Ma revue ciné de janvier

L’année commence bien sur le plan cinématographique. Je crois que rien qu’en janvier j’ai déjà vu plus de bons films qu’en 2017 !

J’ai vu Le grand jeu d’Aaron Sorkin. C’est une plongée dans le milieu du jeu clandestin à Hollywood et plus particulièrement d’un cercle de poker organisé par Molly Bloom qui réunit chaque semaine des stars, de grands patrons et des sportifs en vue. Molly a créé ce club après avoir été licenciée par son employeur qui réunissait lui-même de gros parieurs, parce qu’elle voulait, elle aussi, avoir sa part du gâteau (le ticket d’entrée s’élève tout de même à 250 000 $ !). Mais le métier est dangereux et la « chef d’entreprise » est confrontée au FBI, à la mafia russe et à des joueurs qui craignent pour leur réputation.
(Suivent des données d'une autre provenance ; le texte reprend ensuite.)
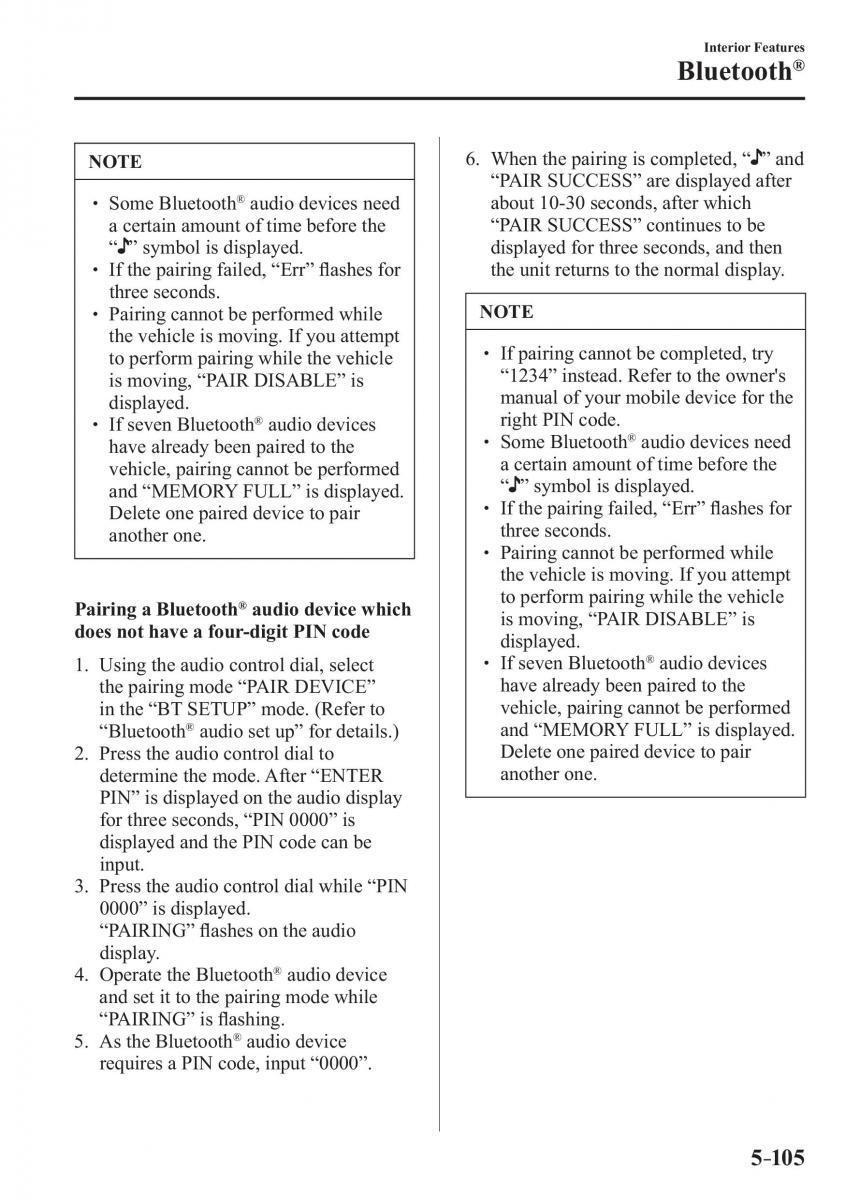 Mazda 3 III owners manual / page 439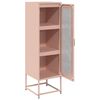 vidaXL Highboard Rosa 36x39x123 cm Kaltgewalzter Stahl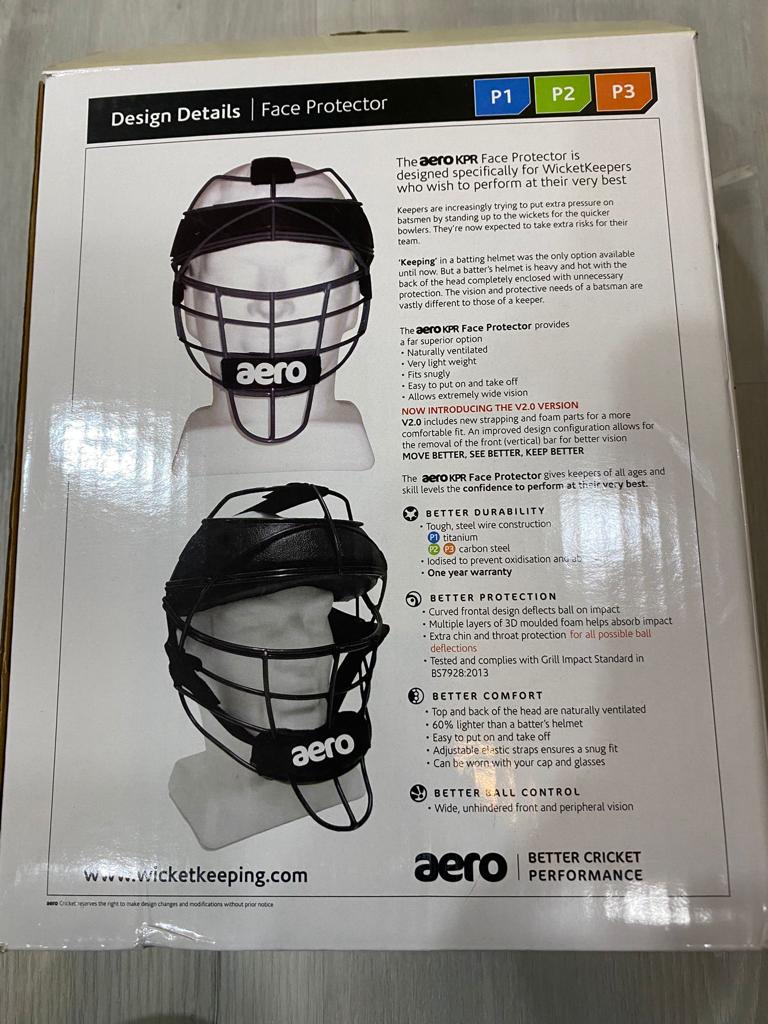 Aero Wicket Keeping Helmet - V2 Model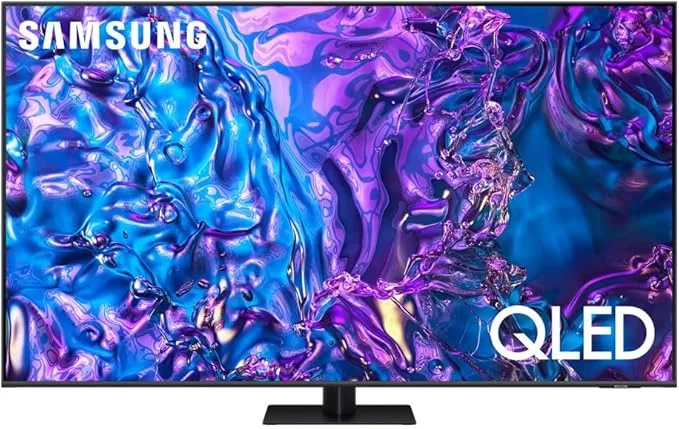 تلفزيون ذكي مقاس 55 بوصة بدقة 4K QLED من سامسونج - لون رمادي تيتان - QA55Q70DAUXEG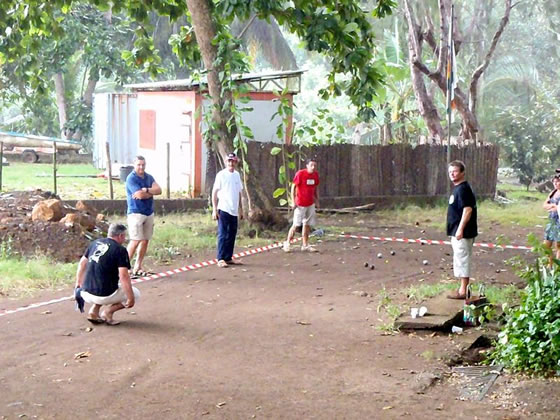 Pétanque M`Tsanga Beach Amicale Bretons Mayotte 2012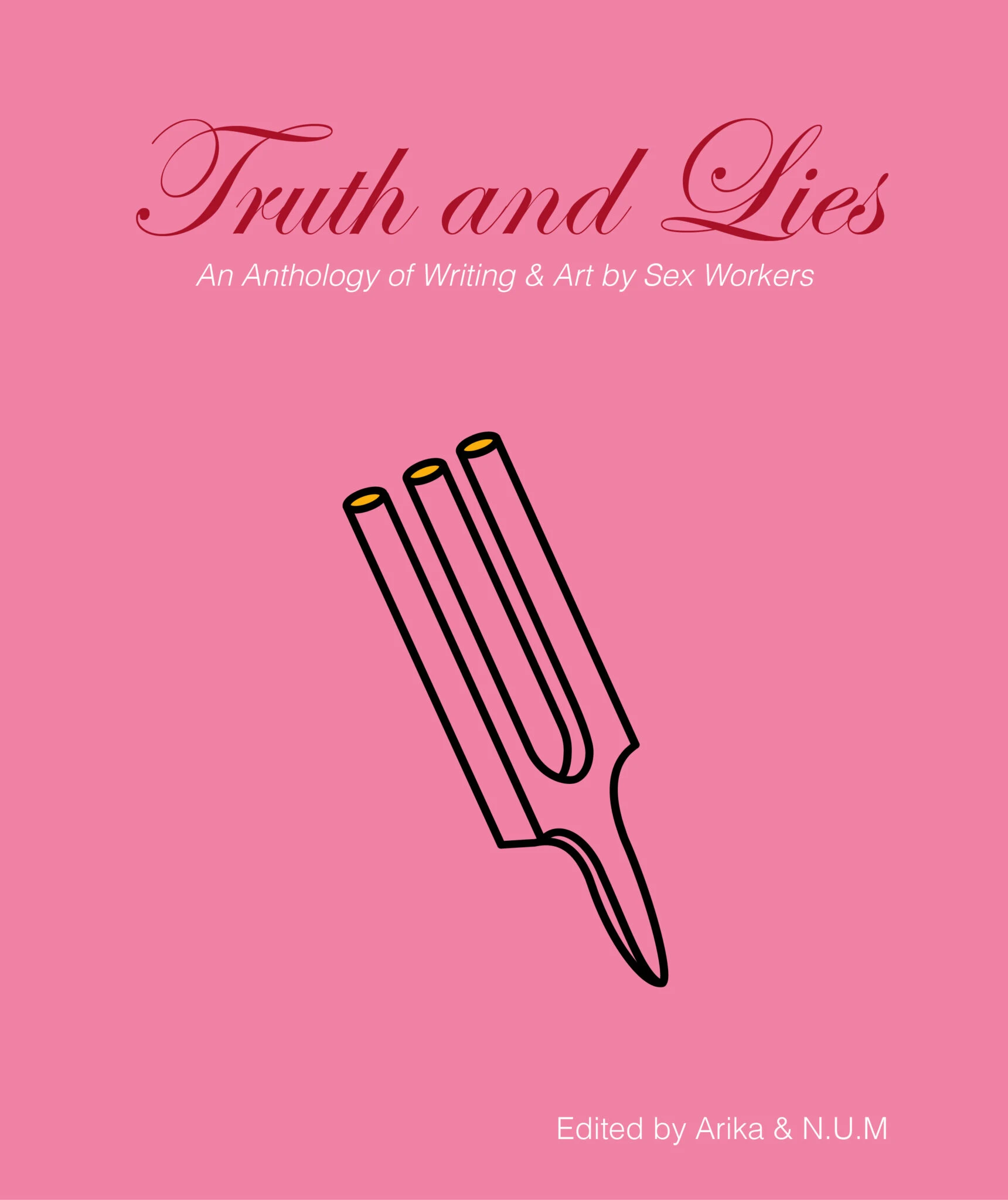the cover of the book truth and lies, it is pink.
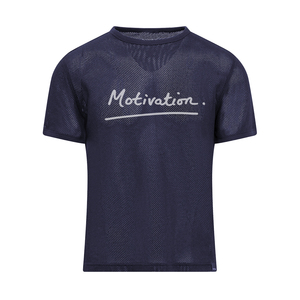 T-shirt en mesh personnalisé pour homme, couleur bleue, manches courtes, épaules tombantes, pour sport, gym, entraînement, musculation, avec option OEM - Product Image 1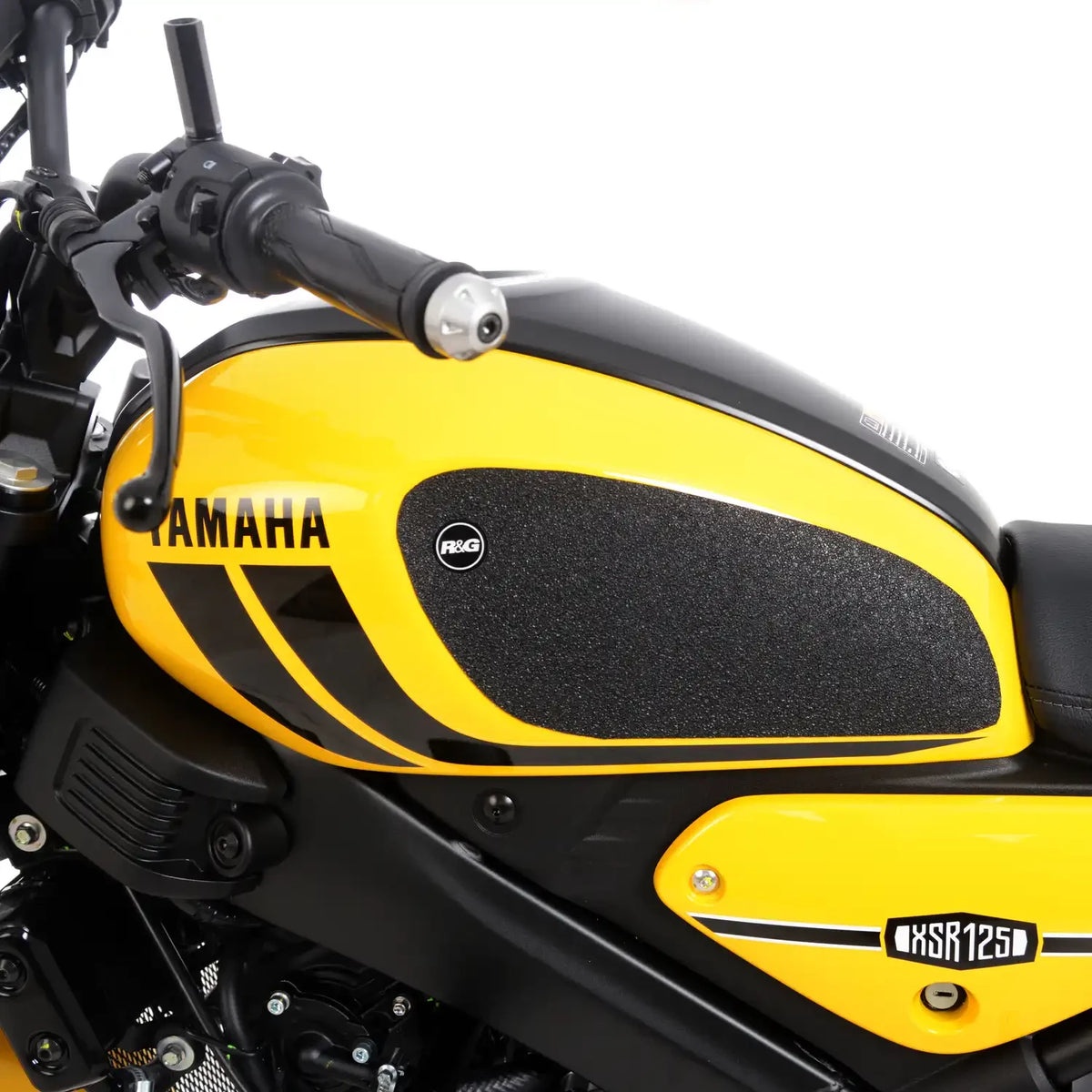 R&G Yamaha XSR-125 '21- Traction Grips : black 2-Grip Kit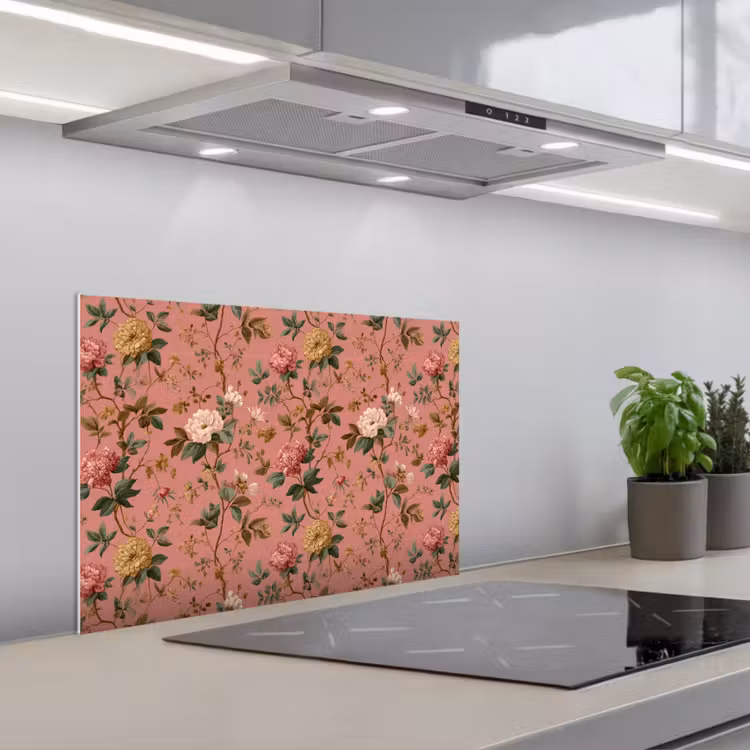 Paraschizzi cucina - Classico - Botanico - Rosa — 1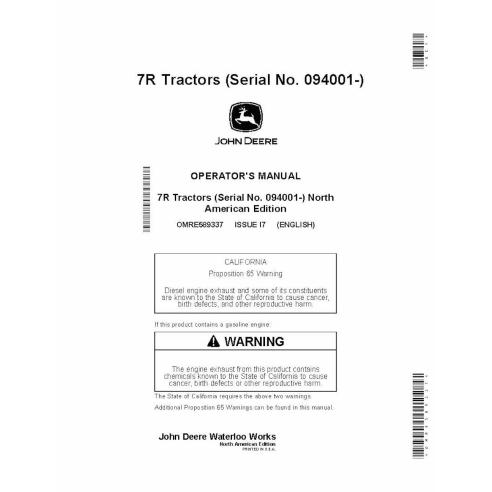John Deere 7R Series: 7210R, 7230R, 7250R, 7270R, 7290R, 7310R tracteur pdf manuel d'utilisation - John Deere manuels - JD-OM...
Mais Molly est tenace, son passé de professionnelle de ski lui a forgé un caractère fort et a tissé un lien particulier avec son père. Ainsi, elle aura le cran de se défendre sans dénoncer personne lors de son procès et elle se montrera tendre avec son père qu’elle retrouvera à cette occasion. J’ai aimé ce film qui relate une histoire vraie à un rythme soutenu. L’intensité des situations est prenante et le rôle de l’héroïne, sensuelle et forte, est magnifiquement interprété par Jessica Chastain qui est parfaite en femme solitaire, intelligente et toujours loyale.

J’ai aussi vu Vers la lumière de Naomi Kawase. Ce film relate les sentiments entre une jeune audio-descriptrice et un photographe dont la vue se détériore. Dans son travail, la jeune femme s’attache à décrire les images et les sentiments avec les mots justes, les plus justes possible afin de transmettre l’émotion au public mal ou non-voyant. Au cours d’une séance de travail, le photographe reproche à la jeune femme de revisiter les situations à sa manière, en s’éloignant du sujet. Mais peu à peu, ces deux personnages se rapprochent, leurs sensibilités respectives se faisant écho. Elle est la parole, lui est la vue qu’elle « remplace » au fur et à mesure de la dégradation oculaire du photographe. En fait, l’un a besoin de l’autre pour exister, et inversement. J’ai énormément aimé ce film à l’atmosphère intimiste et débordant de délicatesse et de poésie. Les mots que j’aime tant sont importants dans cette histoire, tout comme la photographie (que j’ai pratiquée en labo), alors forcément, je me suis plongée avec délice dans cette histoire intime où les éléments du quotidien sont source d’émotion. Et au-delà des mots et des images, j’ai été touchée par le rapport au monde du non-voyant par l’intermédiaire du bruit. Que d’émotions dans ce film que je vous recommande vivement.

Pour finir j’ai vu In the fade de Fatih Akin. Le film est l’histoire d’une femme dont le mari et le fils meurent dans un attentat et qui cherche à se venger de cette ignominie. Il est rapidement établi que l’attentat est de nature raciste et perpétré par un groupe néonazi. Katja, en victime collatérale, oscille entre abattement et résistance. Elle ne se satisfait pas du verdict du procès et se lance à la poursuite des assassins après leur relaxe. Tout au long de sa quête de vérité et de vengeance, elle est tiraillée entre l’envie de tuer et sa morale qui lui interdit de sauter le pas. Devenir une meurtrière à son tour, être contaminée par la même haine qui a mené à la mort son mari et son fils adorés lui est insupportable. J’ai aimé le portrait de cette femme courageuse qui fait face au deuil et à la douleur en toute dignité. J’ai aussi aimé la portée politique de ce film inspiré par le terrorisme dont nos sociétés occidentales sont les cibles, que l’ennemi soit extérieur ou intérieur. Et pour ajouter à mon plaisir, j’ai vu ce film en allemand, en VOST pour être tout à fait exacte.

Avez-vous vu ces films ? Les avez-vous aimés ? Lesquels me conseillez-vous pour poursuivre sur cette belle lancée ?

2 réflexions sur “Ma revue ciné de janvier

  1. Je n’ai vu aucun de ces films. Le dernier n’est -il pas trop violent? J’ai vu Les heures sombres et j’ai beaucoup aimé, mais j’aime l’histoire. J’ai aussi vu 3 billboards: un peu violent, de l’humour et beaucoup d’humanité.

    • bonjour Giséle ! In the fade est un peu violent, forcément, au regard du sujet du film. mais la violence n’est pas la caractéristique principale de ce film qui prône plutôt l’ouverture aux autres et le courage de vivre sa vie en accord avec ce qu’on est.